Is there any algorithm for 8 bits block size?
Thanks
EDIT : I intend not to use this for perfect protection, but for a just-in-case situation where one who sees the code should not find the plaintext. So 8 bit is kinda okay for me.
A block cipher with 8-bit blocks means that each input block can be encrypted into 256 possible values -- which means that an attacker has a 1/256 chance of guessing the input value. It turns out to be very difficult to use such an algorithm securely. Nevertheless it is possible to define a block cipher over 8-bit blocks, and to do it "perfectly"; just do not expect it to be generally useful.
There also are "block-less" ciphers, known as "stream ciphers" which encrypt data "byte by byte" (or even "bit by bit"); most are just pseudo-random generators which produce an arbitrary amount of bytes from a key. That generated stream is just to be combined with the data to encrypt with a XOR. The traditional stream cipher is RC4; but newer and better stream ciphers have been designed.
A block cipher, by itself, is a mathematical tool. In order to actually encrypt data, the block cipher must be used properly. The keywords are chaining and padding. Chaining is about defining what actually goes into the block cipher and what to do with the output. Padding is about adding some bytes to the data, in a reversible way, so that the padded message length is appropriate for the chosen chaining mode.
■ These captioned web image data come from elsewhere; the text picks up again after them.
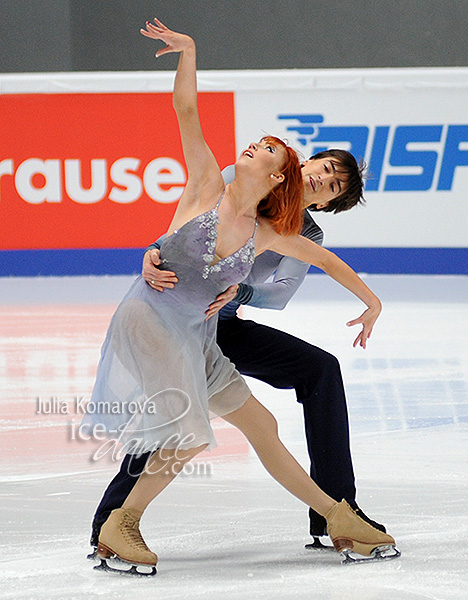 Tiffani Zagorski & Jonathan Guerreiro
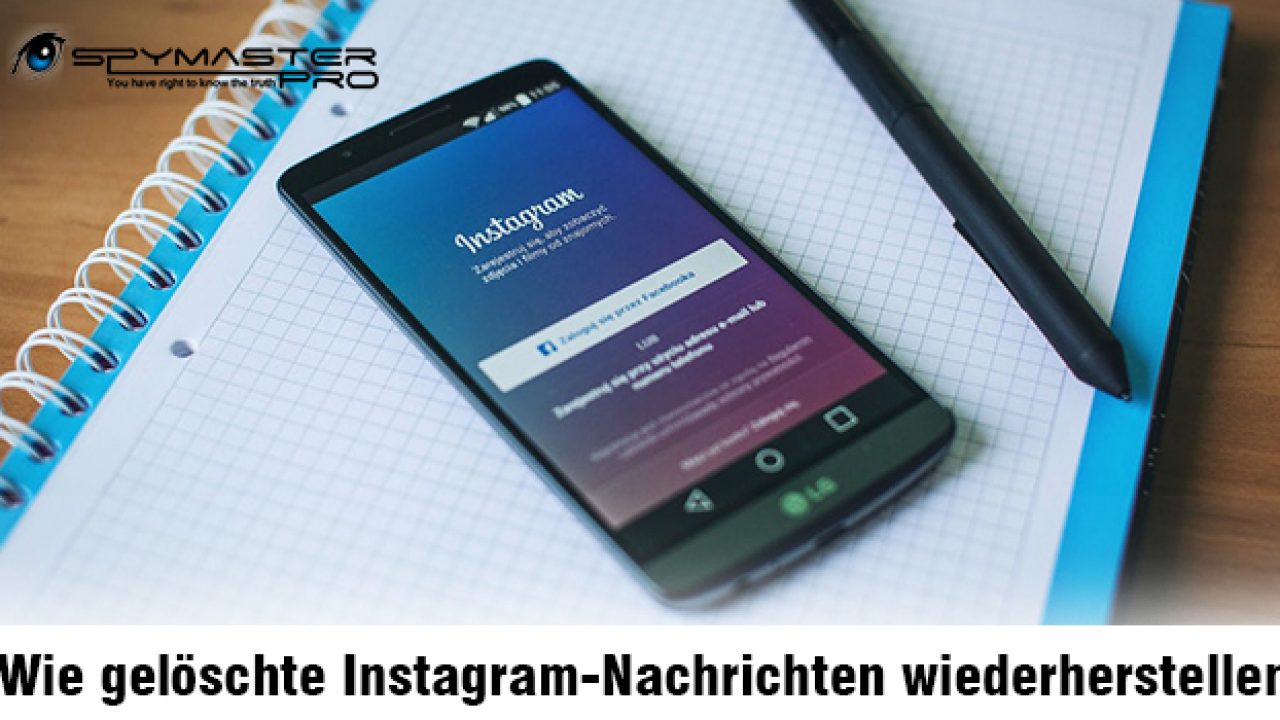 Gelöschte Nachrichten Bei Instagram Wiederherstellen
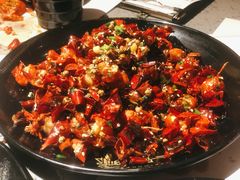 -一棠龙虾•王牌虾球(恒隆广场店)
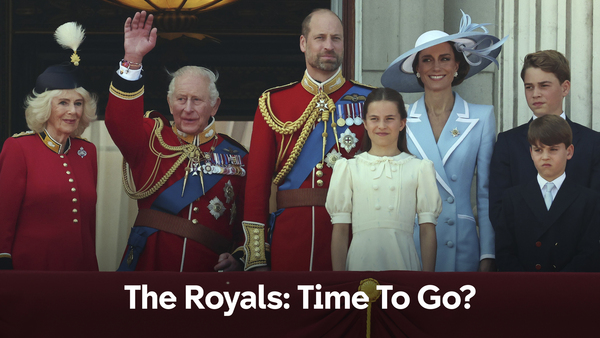 The Royals: Time to Go?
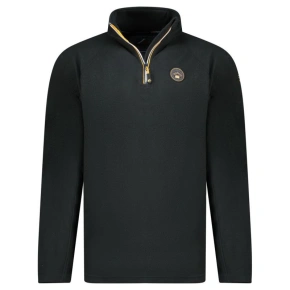 Geografické Norsko Tugim HZ DB 224 M WY7433H/GN-Černá mikina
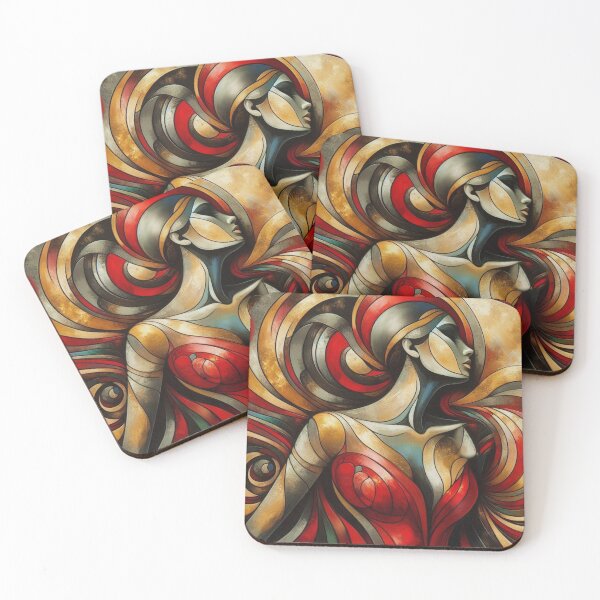 Item preview, Fuego (Fire) designed and sold by 88 Jane.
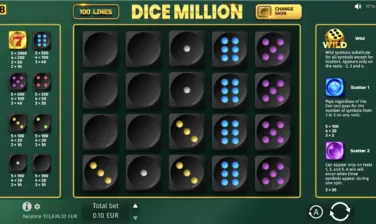 Dice Million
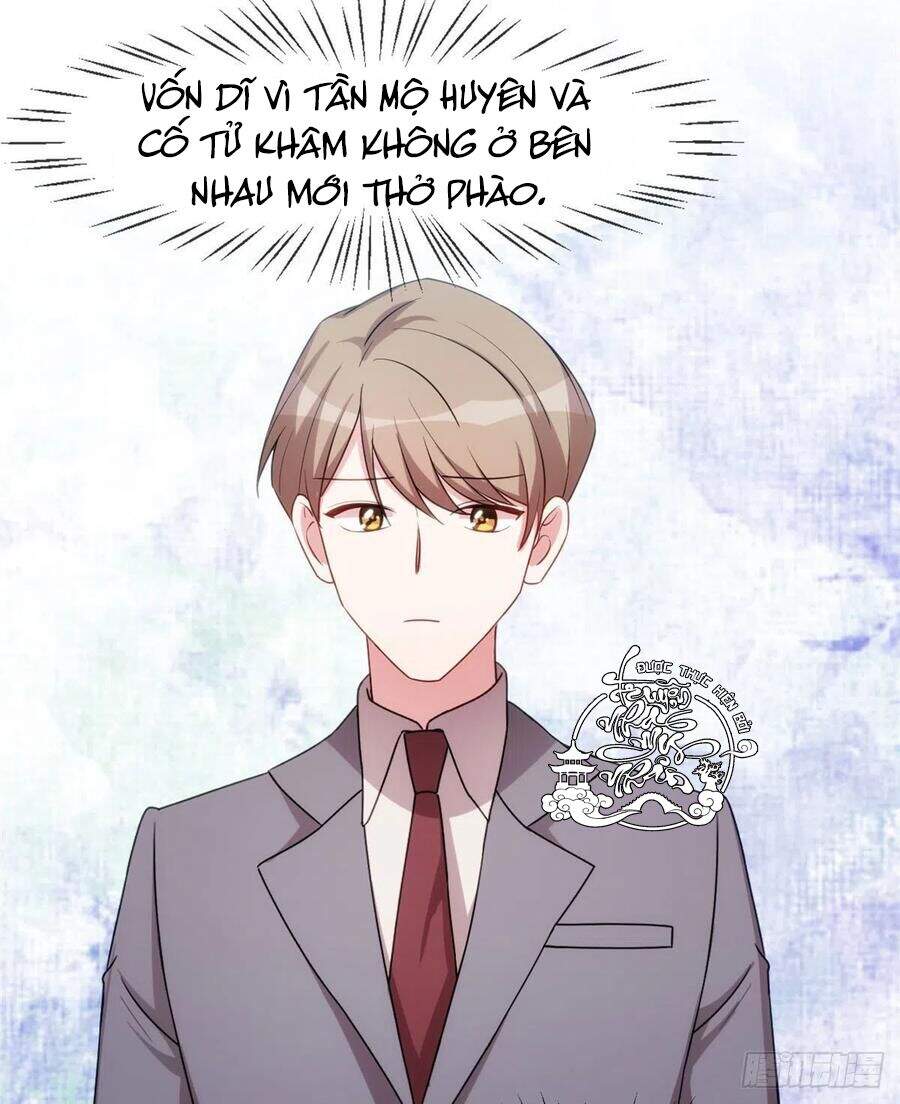 Tiểu Bạch Nam Thần Daddy Chapter 72 - Trang 2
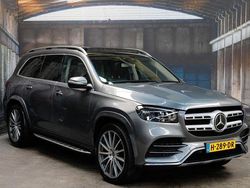 Grau Gebraucht 2020 Mercedes GLS400 AMG line SUV | 52.950 € (Guter Preis)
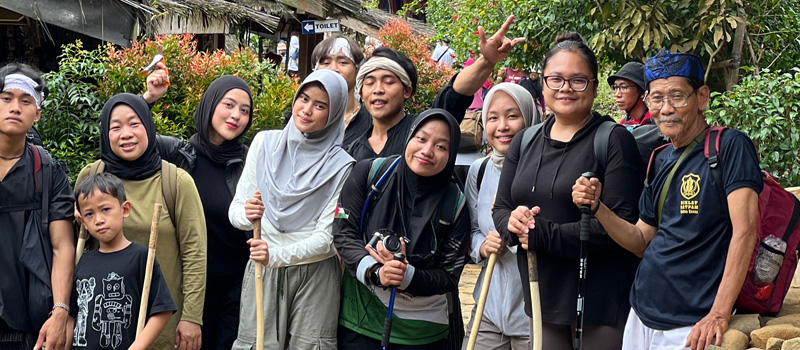 Keuntungan Memilih Open Trip Baduy dari Jakarta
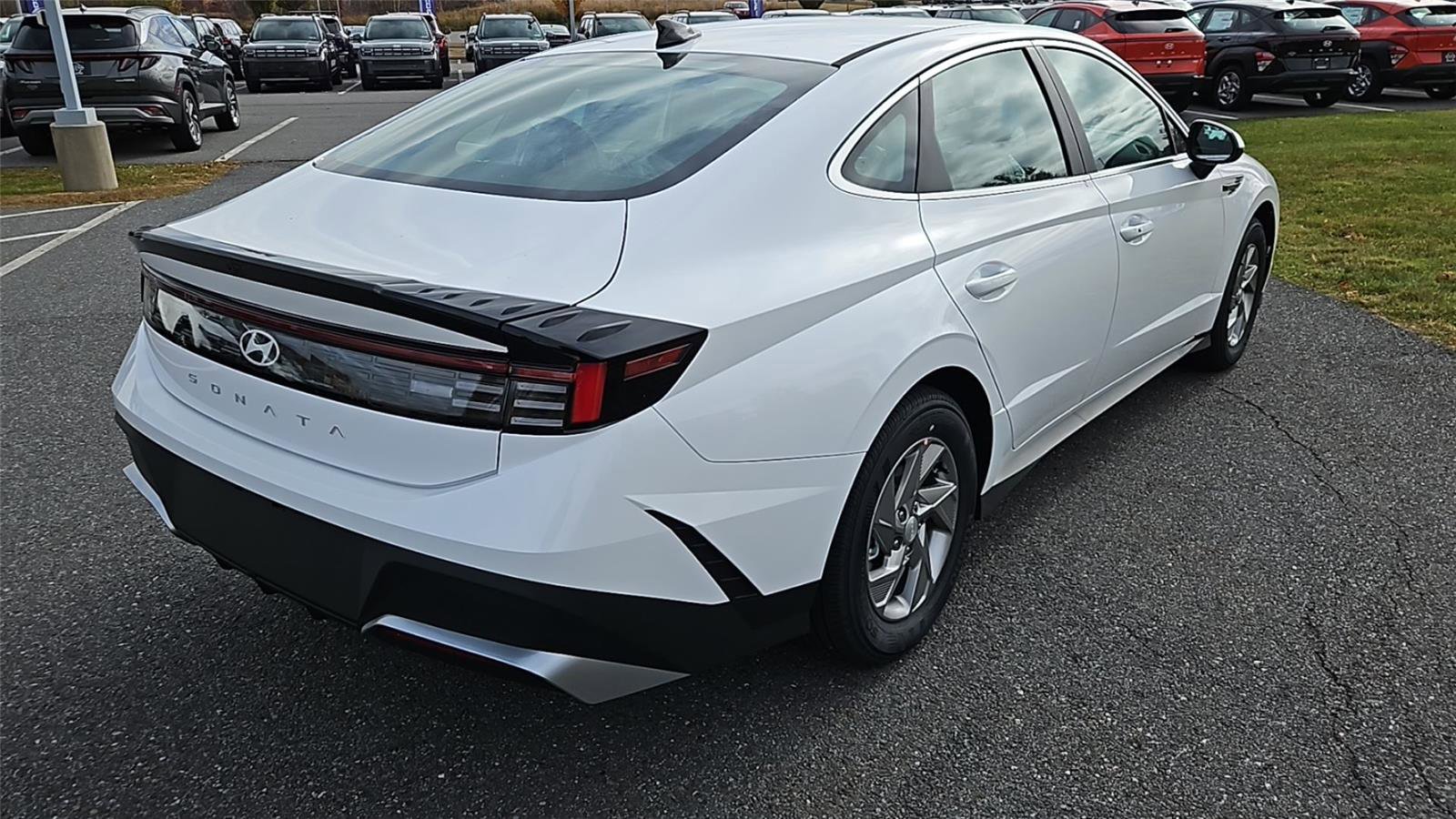 New 2026 Hyundai Sonata SE image 7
The traditional chaining mode is called CBC. A newer (and arguably better) chaining mode is CTR (same link), which has the added bonus of avoiding the need for padding (CTR just turns a block cipher into a stream cipher).
As for block ciphers, you should use AES instead of TripleDES. It is faster, more secure, and the current American standard.
RSA with 8-bit key :)
Seriously though, the block-based cyphers are stateless - the ciphertext of a block depends only on the cleartext of the block, not on the previous blocks (otherwise it would be a stream cypher). A block cypher that acts on 8-bit blocks can be brute-forced easily, so there's no point.
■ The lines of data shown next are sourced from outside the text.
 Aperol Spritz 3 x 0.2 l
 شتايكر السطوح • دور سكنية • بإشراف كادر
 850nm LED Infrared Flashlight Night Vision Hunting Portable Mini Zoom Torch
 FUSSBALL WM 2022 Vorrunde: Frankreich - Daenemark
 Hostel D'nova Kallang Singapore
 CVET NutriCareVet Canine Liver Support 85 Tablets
When using AES (or probably most any cipher), it is bad practice to reuse an initialization vector (IV) for a given key. For example, suppose I encrypt a chunk of data with a given IV using cipher block chaining (CBC) mode. For the next chunk of data, the IV should be changed (e.g., the nonce might be incremented or something). I'm wondering, though, (and mostly out of curiosity) how much of a security risk it is if the same IV is used if it can be guaranteed that the first four bytes of the chunks are incrementing. In other words, suppose two chunks of data to be encrypted are:
0x00000000someotherdatafollowsforsomenumberofblocks
0x00000001someotherdatathatmaydifferormaynotfollows
If the same IV is used for both chunks of data, how much information would be leaked?
In this particular case, it's probably OK (but don't do it, anyway). The "effective IV" is your first encrypted block, which is guaranteed to be different for each message (as long as the nonce truly never repeats under the same key), because the block cipher operation is a bijection. It's also not predictable, as long as you change the key at the same time as you change the "IV", since even with fully predictable input the attacker should not be able to predict the output of the block cipher (block cipher behaves as a pseudo-random function).
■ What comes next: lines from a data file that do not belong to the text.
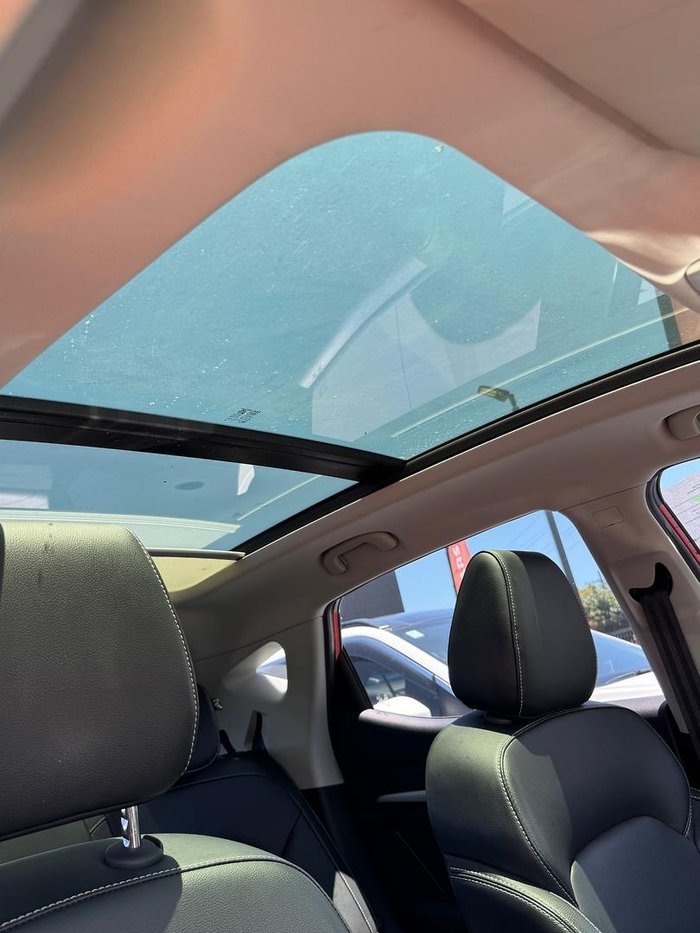 2020 MG ZS Essence AZS1 MY19 Diamond Red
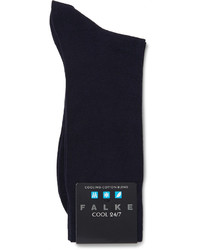 Мужские темно-синие носки от Falke
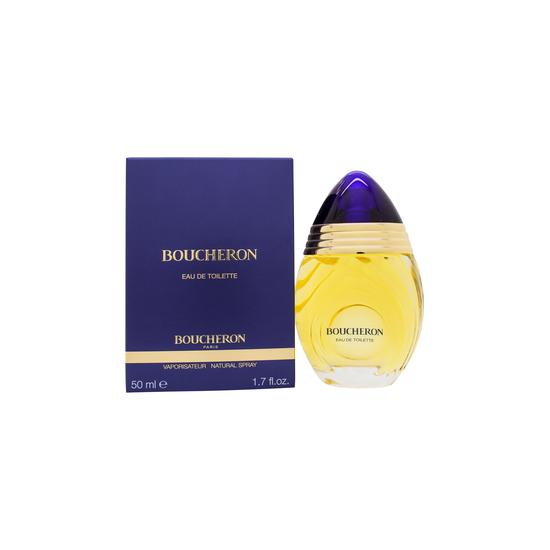 Boucheron Eau De Toilette 50ml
It is, however, very fragile. Someone who is maintaining this protocol long after you've moved on to greener pastures might well not understand that the security depends heavily on that non-repeating nonce, and could "optimise" it out. Is sending that single extra block each message for a real IV really an overhead you can't afford?
Mark,
what you describe is pretty much what is proposed in Appendix C of NIST SP800-38a.
In particular, there are two ways to generate an IV:
Generate a new IV randomly for
each message.
For each message use a new unique nonce (this may be a counter), encrypt the nonce, and use the result as IV.
The second option looks very similar to what you are proposing.
Well, that depends on the block size of the encryption algorithm. For the usual block size of 64 bytes i dont think that would make any difference. The first bits would be the same for many blocks, before entering the block cipher, but the result would not have any recognisable pattern. For block sizes < 4 bytes (i dont think that happens) it would make a difference, because the first block(s) would always be the same, leaking information about patterns. Just my opinion.
edit:
Found this
"For CBC and CFB, reusing an IV leaks some information about the first block
of plaintext, and about any common prefix shared by the two messages"
Source: lectures of my university :)